--- START ---

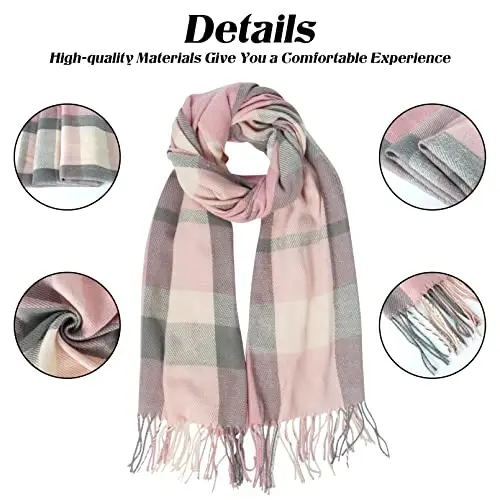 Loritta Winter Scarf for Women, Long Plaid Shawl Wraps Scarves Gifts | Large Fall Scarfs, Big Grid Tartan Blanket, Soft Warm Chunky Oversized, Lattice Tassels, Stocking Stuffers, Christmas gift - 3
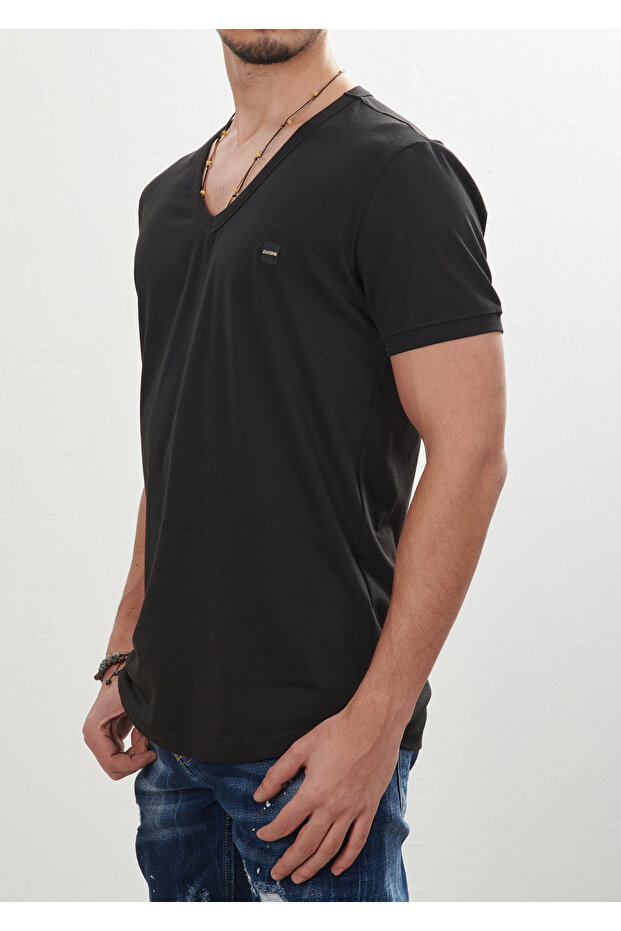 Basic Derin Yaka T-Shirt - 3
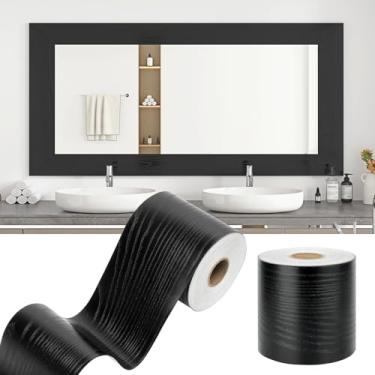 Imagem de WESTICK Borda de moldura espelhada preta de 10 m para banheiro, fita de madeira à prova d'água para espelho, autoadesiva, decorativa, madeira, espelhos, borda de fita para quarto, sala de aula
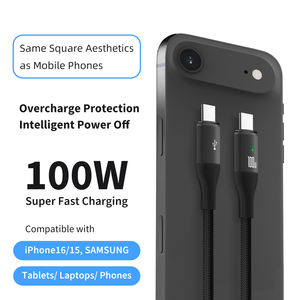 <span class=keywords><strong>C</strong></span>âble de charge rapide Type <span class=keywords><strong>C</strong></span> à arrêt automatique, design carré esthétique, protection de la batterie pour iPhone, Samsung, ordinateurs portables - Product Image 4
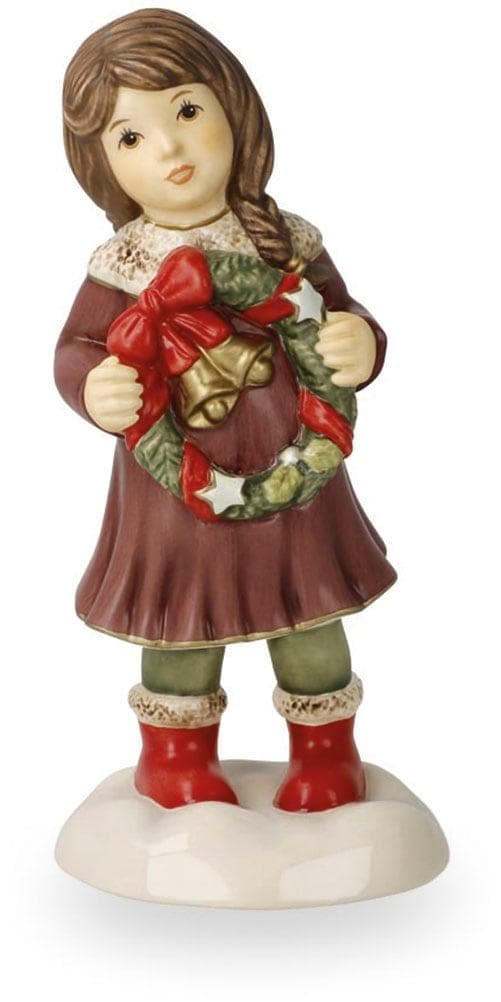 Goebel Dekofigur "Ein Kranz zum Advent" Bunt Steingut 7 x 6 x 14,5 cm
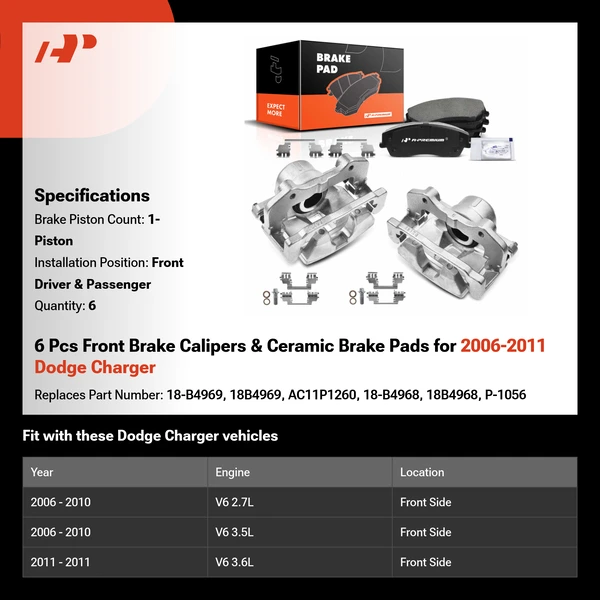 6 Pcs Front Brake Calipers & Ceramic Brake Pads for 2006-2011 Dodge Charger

--- END ---

- THE PROBLEM
Start at the first line and set down all of the data exactly, passing over the pictures.

- TASK SOLUTION
 Loritta Winter Scarf for Women, Long Plaid Shawl Wraps Scarves Gifts | Large Fall Scarfs, Big Grid Tartan Blanket, Soft Warm Chunky Oversized, Lattice Tassels, Stocking Stuffers, Christmas gift - 3
 Basic Derin Yaka T-Shirt - 3
 Imagem de WESTICK Borda de moldura espelhada preta de 10 m para banheiro, fita de madeira à prova d'água para espelho, autoadesiva, decorativa, madeira, espelhos, borda de fita para quarto, sala de aula
 <span class=keywords><strong>C</strong></span>âble de charge rapide Type <span class=keywords><strong>C</strong></span> à arrêt automatique, design carré esthétique, protection de la batterie pour iPhone, Samsung, ordinateurs portables - Product Image 4
 Goebel Dekofigur "Ein Kranz zum Advent" Bunt Steingut 7 x 6 x 14,5 cm
 6 Pcs Front Brake Calipers & Ceramic Brake Pads for 2006-2011 Dodge Charger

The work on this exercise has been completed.